法律上の争訟
家庭裁判所は、遺産分割に関する争いのすべてに対して終局的判断を下せるわけではありません。家庭裁判所の終局的判断の範囲には、法令上の限界があります。
当事者間の具体的な権利義務ないし法律関係の存否に関して、法令の適用により終局的に解決できる性質の紛争を「法律上の争訟」といい、この法律上の争訟に関しては、地方裁判所・高等裁判所・最高裁判所などの裁判所の訴訟(いわゆる普通の裁判)でしか終局的判断ができません。
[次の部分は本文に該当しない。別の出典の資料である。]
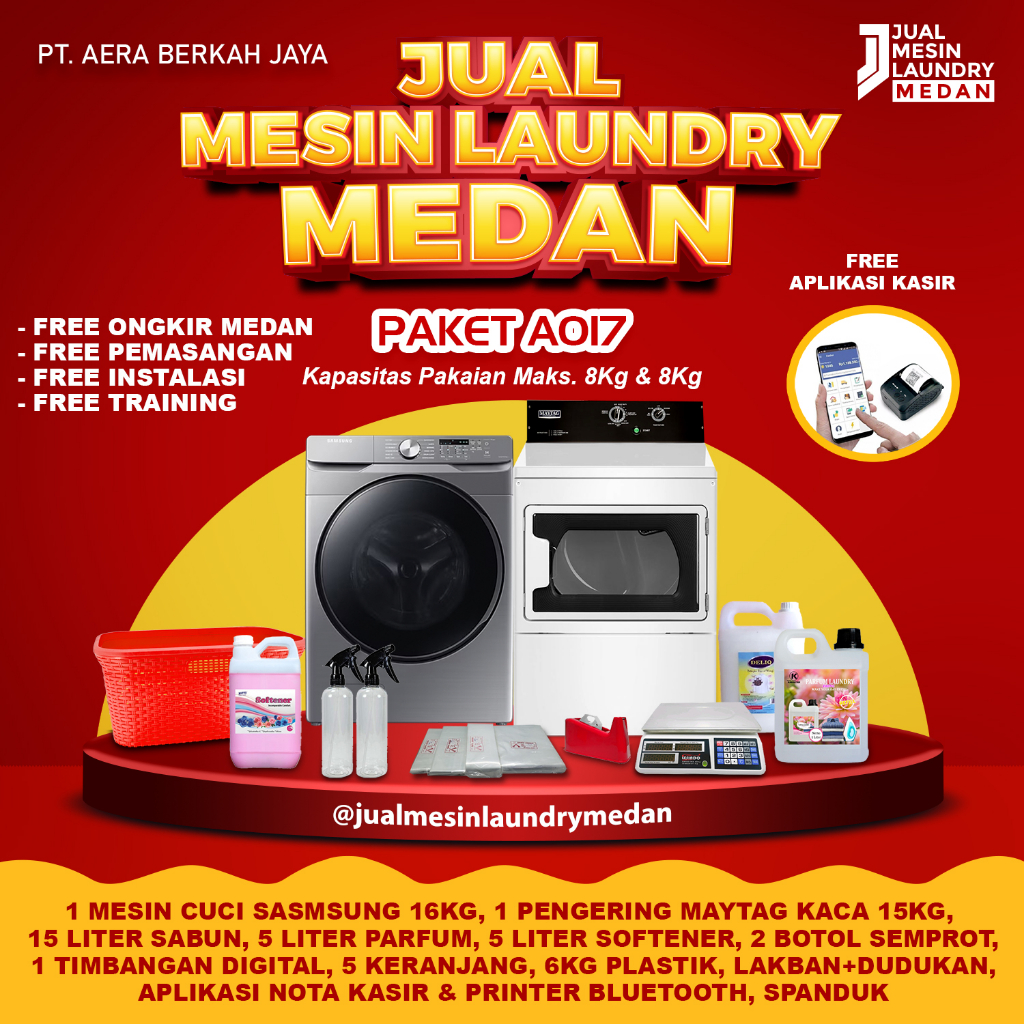 Paket Usaha Laundry Murah Medan Padang Sumatra Samsung 16Kg + Maytag Kaca 15Kg A017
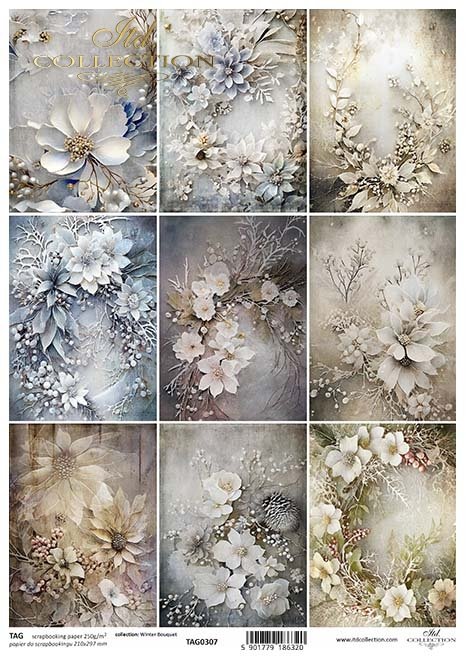 seria Winter Bouquet - zimowy bukiet, kwiaty, kolaże, bukiety, wieńce*winter bouquet, flowers, collages, bouquets, wreaths*Winterstrauß, Blumen, Collagen, Sträuße, Kränze*ramo de invierno, flores, collages, ramos, coronas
遺産分割に関しては、どのような事項が法律上の争訟にあたるかというと
①ある人が相続人であり相続権があるかどうか(相続人の範囲)
②個別具体的な財産が遺産に含まれるかどうか(遺産の範囲)
③遺言が有効かどうか
などは法律上の争訟にあたり、家庭裁判所の調停又は審判では終局的判断ができません。家庭裁判所は、これらについて争いがない場合に、その事実を前提に遺産をどのように分割するかを判断します。
とはいえ上記①から③について争いがある場合も、調停又は審判の手続中で当事者間の合意を形成できるならばその合意を前提に分割を進めますので、争いがある場合でも家庭裁判所が全く受け付けてくれないわけではありません。しかし、最終的に家庭裁判所で合意が形成できないならば、地方裁判所等の訴訟その争いを先に決着させ、その後に家庭裁判所に遺産分割の調停又は審判を申し立てる必要があります。
この点は直感的には理解しにくい部分だと思います。相続事件を担当する弁護士は、訴訟を先行させるのか調停又は審判で合意を目指すのか、紛争の実情を見極めながら判断します。 同じように、よく争いになるにも関わらず、家庭裁判所で終局的判断ができない事項には以下のようなものがあります。
④相続開始前に相続人の一人によって引き出された預貯金の精算を求める請求
⑤相続開始後に相続人によって費消された財産の精算を求める請求
これらの争点についても、調停手続で合意ができそうにない場合、譲歩を示してあくまで調停成立を目指すのか、別途訴訟を提起して決着をつけるのか、最終場面で判断を迫られることになります。